Berdemokrasi menjadi bagian hak azasi manusia, tapi harus diingat hak azasi juga tidak berlaku universal, artinya pada kondisi tertentu hak azasi harus juga menyesuaikan dengan dinamika sosial yang berlaku. Artinya hak setiap orang juga dibatasi oleh norma sosial pada kondisi dan lingkungan tertentu.
Ironisnya, kehidupan berdemokrasi fasca lahirnya reformasi bukanlah cita rasa demokrasi pancasila, namun faktanya justru bercita rasa liberal dan sekuler. Imbasnya kebebasan berpendapat menjadi liar dengan menonjolkan superioritas dan subjektfitas yang melampaui batas-batas kepatutan sebagai bangsa yang beradab. Kemajuan informasi teknologi yang masif dan sangat dinamis menjadi arena pelampiasan nafsu dan telah secara nyata merubah tatanan sosio kultur masyarakat. Ini terjadi, karena bangsa ini telah kehilangan pedoman dalalam menata kehidupan bermasyarakat, berbangsa dan bernegara.
Hampir tiap hari masyarakat bahkan generasi muda dijejali dengan berita berita tak mendidik. Berita tentang dagelan politikus yang saling berebut kuasa, kriminalitas, hasutan, hoax dan lainnya. Sadar tidak sadar bangsa ini telah ter-brainwash, sehingga wajar jika kehidupan sosial semakin jauh dari sikap tenggang rasa dan toleransi. Ini mengkhawatirkan karena akan menciptakan benih benih perpecahan.
Puncak perpecahan semakin nyata di dunia maya, dimulai saat gelaran pesta politik pada Pilpres tahun 2014, Pilkada DKI, dan terus berlanjut hingga meminculkan dua kubu yang saling bersebrangan. Ironisnya, dua kubu ini sama-sama menanggalkan akal sehat dalam berfikir, pegangannya satu yakni fanatisme figur atas nama suka dan tidak suka.

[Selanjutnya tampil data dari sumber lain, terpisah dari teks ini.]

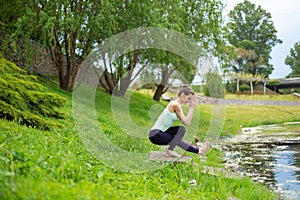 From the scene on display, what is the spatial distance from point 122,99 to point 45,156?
14.4 meters

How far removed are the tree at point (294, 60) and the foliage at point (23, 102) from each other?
68.2 m

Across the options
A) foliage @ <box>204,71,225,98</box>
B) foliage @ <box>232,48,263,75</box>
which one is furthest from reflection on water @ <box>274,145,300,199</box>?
foliage @ <box>232,48,263,75</box>

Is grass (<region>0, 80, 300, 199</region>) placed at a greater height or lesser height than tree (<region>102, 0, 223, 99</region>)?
lesser

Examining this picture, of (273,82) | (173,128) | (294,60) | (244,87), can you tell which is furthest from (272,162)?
(294,60)

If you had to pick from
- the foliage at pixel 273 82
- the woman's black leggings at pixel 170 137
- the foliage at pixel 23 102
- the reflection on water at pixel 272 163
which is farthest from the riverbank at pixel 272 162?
the foliage at pixel 273 82

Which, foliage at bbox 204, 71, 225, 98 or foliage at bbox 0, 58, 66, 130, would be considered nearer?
foliage at bbox 0, 58, 66, 130

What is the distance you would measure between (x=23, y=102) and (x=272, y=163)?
6129 mm

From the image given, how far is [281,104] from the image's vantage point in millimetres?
38219

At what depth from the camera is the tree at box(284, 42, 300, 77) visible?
71.4m

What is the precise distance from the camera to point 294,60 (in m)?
73.0

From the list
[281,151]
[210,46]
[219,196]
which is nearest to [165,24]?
[281,151]

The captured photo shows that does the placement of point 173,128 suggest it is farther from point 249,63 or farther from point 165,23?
point 249,63

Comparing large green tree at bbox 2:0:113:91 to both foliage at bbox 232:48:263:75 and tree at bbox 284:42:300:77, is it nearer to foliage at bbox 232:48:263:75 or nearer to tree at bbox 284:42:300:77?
foliage at bbox 232:48:263:75

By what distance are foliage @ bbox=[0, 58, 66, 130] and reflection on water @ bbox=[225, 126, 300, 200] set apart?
435cm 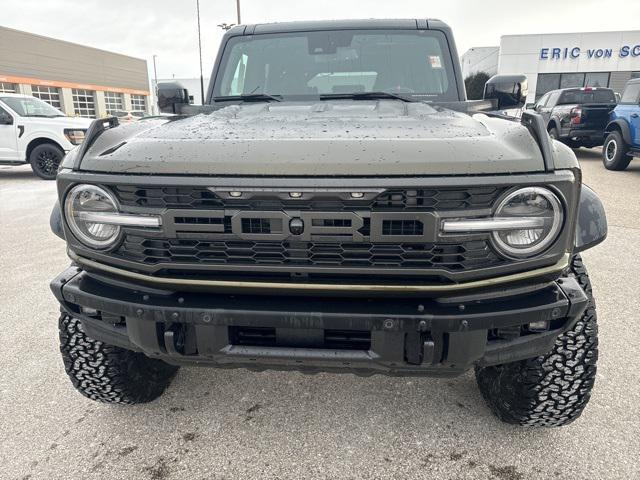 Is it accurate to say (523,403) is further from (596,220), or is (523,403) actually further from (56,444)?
(56,444)

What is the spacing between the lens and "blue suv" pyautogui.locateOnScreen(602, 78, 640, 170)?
9.18 meters

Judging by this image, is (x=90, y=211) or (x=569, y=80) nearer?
(x=90, y=211)

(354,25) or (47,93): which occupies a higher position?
(47,93)

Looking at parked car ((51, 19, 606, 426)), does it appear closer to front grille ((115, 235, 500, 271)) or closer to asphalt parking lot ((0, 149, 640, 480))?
front grille ((115, 235, 500, 271))

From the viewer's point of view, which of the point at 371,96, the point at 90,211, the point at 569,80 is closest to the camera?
the point at 90,211

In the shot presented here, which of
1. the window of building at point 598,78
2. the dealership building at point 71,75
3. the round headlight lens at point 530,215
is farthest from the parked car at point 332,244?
the dealership building at point 71,75

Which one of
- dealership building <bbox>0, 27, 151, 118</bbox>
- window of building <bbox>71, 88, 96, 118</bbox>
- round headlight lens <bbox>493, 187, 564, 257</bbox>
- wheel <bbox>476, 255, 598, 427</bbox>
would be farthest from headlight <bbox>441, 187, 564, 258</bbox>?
window of building <bbox>71, 88, 96, 118</bbox>

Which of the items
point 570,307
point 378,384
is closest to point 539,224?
point 570,307

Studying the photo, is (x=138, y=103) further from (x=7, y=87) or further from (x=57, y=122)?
(x=57, y=122)

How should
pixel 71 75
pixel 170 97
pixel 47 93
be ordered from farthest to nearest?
pixel 71 75
pixel 47 93
pixel 170 97

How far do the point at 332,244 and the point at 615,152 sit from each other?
34.8 feet

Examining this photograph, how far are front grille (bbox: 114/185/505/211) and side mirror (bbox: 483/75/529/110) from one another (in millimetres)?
1667

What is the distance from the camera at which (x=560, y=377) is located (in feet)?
6.32

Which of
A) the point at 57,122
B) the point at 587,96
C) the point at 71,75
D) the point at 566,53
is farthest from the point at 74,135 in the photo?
the point at 71,75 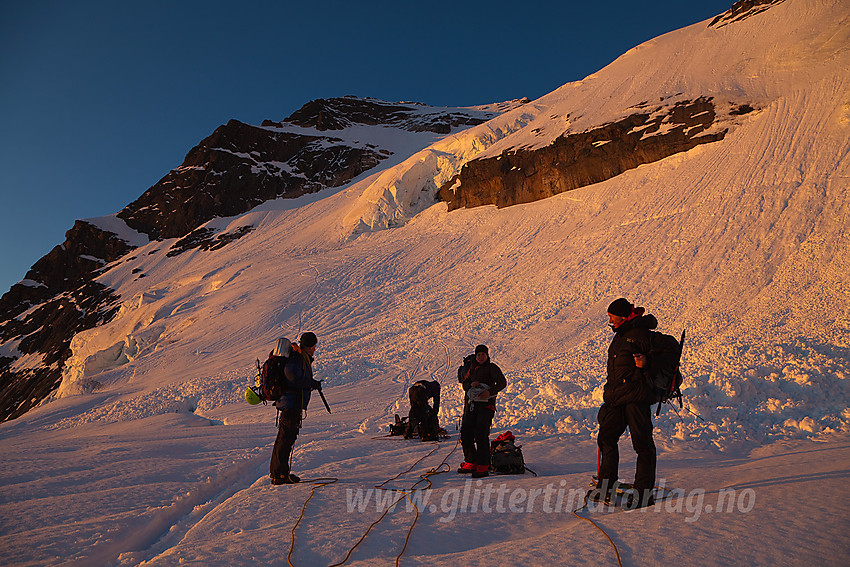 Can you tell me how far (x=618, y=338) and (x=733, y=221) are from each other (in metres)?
15.2

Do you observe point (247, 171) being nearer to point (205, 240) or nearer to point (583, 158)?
point (205, 240)

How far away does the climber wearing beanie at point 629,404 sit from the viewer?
372cm

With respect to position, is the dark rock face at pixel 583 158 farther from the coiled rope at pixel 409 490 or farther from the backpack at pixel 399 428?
the coiled rope at pixel 409 490

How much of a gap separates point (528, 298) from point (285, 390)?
43.2 ft

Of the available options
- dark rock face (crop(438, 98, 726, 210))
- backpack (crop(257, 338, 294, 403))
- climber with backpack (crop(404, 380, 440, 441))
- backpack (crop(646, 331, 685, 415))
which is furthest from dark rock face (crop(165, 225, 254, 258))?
backpack (crop(646, 331, 685, 415))

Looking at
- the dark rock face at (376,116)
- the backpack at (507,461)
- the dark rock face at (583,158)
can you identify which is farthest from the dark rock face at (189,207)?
the backpack at (507,461)

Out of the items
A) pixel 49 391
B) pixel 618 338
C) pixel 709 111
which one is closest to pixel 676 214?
pixel 709 111

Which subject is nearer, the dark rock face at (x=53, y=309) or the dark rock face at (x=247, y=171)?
the dark rock face at (x=53, y=309)

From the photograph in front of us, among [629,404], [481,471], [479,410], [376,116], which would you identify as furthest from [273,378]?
[376,116]

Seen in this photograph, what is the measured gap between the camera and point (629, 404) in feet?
12.5

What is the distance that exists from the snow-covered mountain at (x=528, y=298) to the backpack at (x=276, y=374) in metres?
1.11

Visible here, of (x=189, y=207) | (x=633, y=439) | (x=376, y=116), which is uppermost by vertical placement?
(x=376, y=116)

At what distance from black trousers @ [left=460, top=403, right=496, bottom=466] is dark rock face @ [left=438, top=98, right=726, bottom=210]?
2171cm

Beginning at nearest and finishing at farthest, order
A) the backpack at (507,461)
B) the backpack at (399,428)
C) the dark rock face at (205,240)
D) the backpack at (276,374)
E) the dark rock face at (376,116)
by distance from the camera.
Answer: the backpack at (276,374) < the backpack at (507,461) < the backpack at (399,428) < the dark rock face at (205,240) < the dark rock face at (376,116) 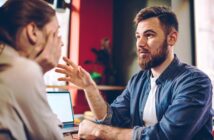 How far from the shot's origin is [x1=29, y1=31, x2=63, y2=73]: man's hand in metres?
0.86

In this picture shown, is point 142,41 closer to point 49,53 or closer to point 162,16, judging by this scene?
point 162,16

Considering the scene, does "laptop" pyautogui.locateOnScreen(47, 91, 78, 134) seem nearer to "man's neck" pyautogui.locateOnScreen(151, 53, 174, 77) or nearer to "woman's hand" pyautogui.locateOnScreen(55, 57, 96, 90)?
"woman's hand" pyautogui.locateOnScreen(55, 57, 96, 90)

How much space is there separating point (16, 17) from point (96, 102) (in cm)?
92

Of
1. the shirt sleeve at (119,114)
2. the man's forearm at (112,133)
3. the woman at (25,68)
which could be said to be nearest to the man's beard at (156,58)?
the shirt sleeve at (119,114)

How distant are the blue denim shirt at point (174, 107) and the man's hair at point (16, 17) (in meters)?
0.78

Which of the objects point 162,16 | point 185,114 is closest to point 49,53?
point 185,114

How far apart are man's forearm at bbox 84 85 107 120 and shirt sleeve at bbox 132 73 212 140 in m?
0.30

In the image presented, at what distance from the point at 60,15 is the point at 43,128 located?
274 cm

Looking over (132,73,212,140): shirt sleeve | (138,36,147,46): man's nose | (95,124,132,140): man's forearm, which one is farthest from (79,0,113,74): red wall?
(132,73,212,140): shirt sleeve

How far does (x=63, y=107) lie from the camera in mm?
2172

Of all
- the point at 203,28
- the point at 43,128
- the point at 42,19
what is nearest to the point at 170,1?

Kesimpulannya ruh demokrasi nyatanya telah luntur, karena lebih mengedepankan subjektifitas atas nama fanatisme berlebih. Sebuah sikap yang tak mendidik pada bangsa yang masih mengklaim pancasila sebagai dasar demokrasi. Sayangnya, prilaku pancasilais justru belum banyak ditunjukan oleh para elit kita saat ini.
Intinya Pancasila saat ini hanyalah slogan dan tak dimaknai dalam kehidupan sehari hari. Ingat, Pancasila lahir sebagai buah fikir para pendiri bangsa lewat perjalanan panjang, diskusi yang alot, sehingga menghasilkan kesepakatan bersama yang mengakomodir kenyataan sebagai bangsa yang plural.
Apa yang ditunjukan para elit terdahulu adalah potret demokrasi sesungguhnya yang mampu menanggalkan ego pribadi dan golongan hanya demi kepentingan bangsa yang lebih besar. Singkatnya, Pancasila adalah warisan terbesar bagi bangsa ini, menjadi pedoman hingga NKRI masih kokoh berdiri.
Pertanyaanya bagaimana saat ini dan ke depan? Saya sebagai anak bangsa justru khawatir, karena faktanya nilai-nilai ini kian luntur. Saat ini, sadar tidak sadar kita berada pada sebuah persimpangan jalan yang mendadak lupa arah jalan pulang.